Nike stock fell late Tuesday by over 4% after the company posted earnings that just beat Wall Street expectations.
Critics of the sports apparel giant’s Colin Kaepernick endorsement are likely believing that a backlash to the former quarterback’s ad campaign is the cause of the selloff following the earnings report, but the truth is bearish investors were thinking about other things.
Revenue for Nike during its fiscal first quarter that ended August 31 increased by 10% to just over $9.95 billion or $10 million higher than Wall Street forecasters were expecting.
The sports apparel maker posted earnings per share of 67 cents during the quarter, which beat Wall Street estimates of 63 cents. The quarter was strong for Nike, but investors reacted as if they had received bad news.

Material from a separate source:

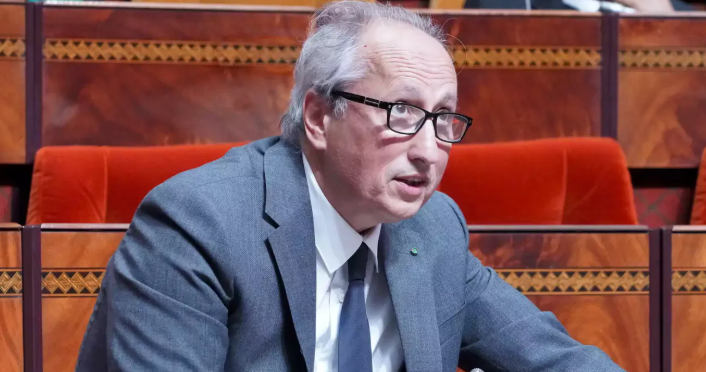 النقابات التعليمية تطالب وزير التربية الوطنية بالإسراع في إخراج النظام الأساسي للمبرزين للتربية والتكوين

Since 2016, when Kaepernick as quarterback with the San Francisco 49ers first took a knee during the playing of the national anthem, to protect killings of African Americans ply police as well as other forms of racial injustices, Nike has been for the most part silent.
The silence by Nike ended September 4 when the company announced the signing of Kaepernick to an endorsement deal that prompted immediate backlash from President Donald Trump supports including some burning or cutting up their Nike products.
However, the earnings on Tuesday released by Nike were for a three-month period ending in August so if any effect on its revenue, good or bad, would not be apparent until the current quarter’s earnings are complete in the end of November.
One reason the selloff may have taken place is that Nike stock has increased 6% since the announcement of the Kaepernick endorsement and it reached a point it was trading at 72 times earnings.
Another reason is that Nike investors are used to the company beating Wall Street estimates as it has done so for 25 consecutive quarters, but just a so-so beating of estimates appears almost disappointing to them.
However, it may have been a few things in the otherwise strong Nike quarter that worried investors. The gross margins by the company of 44% were less than what some analysts were expecting.
In addition, sales in Asia, Europe and Latin American which together represent 58% of revenue for Nike were mixed.
It appears that the Kaepernick signing has helped sales as in September sales increased overall and if that continues through the rest of the quarter Nike will continue beating estimates.